Often, a California resident will choose a friend or family member to oversee an irrevocable trust. This is because a friend or family member is generally someone who the grantor of the trust can rely on. However, a trustee will have a fiduciary responsibility to many parties after taking on such a role, especially after the grantor has died. For instance, a trustee will have to be sure to act in the best interests of a trust’s beneficiaries.
In some cases, this can become complicated because there are multiple people who all have their own interests and agenda. It is possible that what a beneficiary wants is not in the best interest of the trust or is contrary to the intent of the deceased grantor as expressed in the trust’s provisions. However, if the trustee fails to act in a responsible manner, he or she could incur financial penalties or be subject to legal action. Trustees should know that they can turn to an attorney for help if they need it.

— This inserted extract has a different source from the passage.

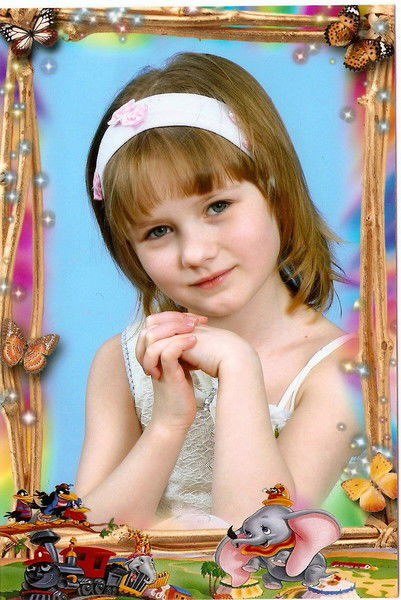 Виктория Кузьменко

Trustees have a variety of tasks to perform after the grantor has died. One key responsibility is to manage the trust’s assets with a degree of prudence so that they can be preserved and protected for the beneficiaries. Another is to handle distributions in strict accordance with the trust’s provisions, and the trustee will also be required to file applicable state and federal tax returns.
It is not expected that the trustee will have sufficient legal knowledge to handle all of these matters. Our attorneys have extensive experience with these and other trust administration issues. If you are such a fiduciary and would like to learn more about the services that we can provide, you are invited to visit our page on the subject.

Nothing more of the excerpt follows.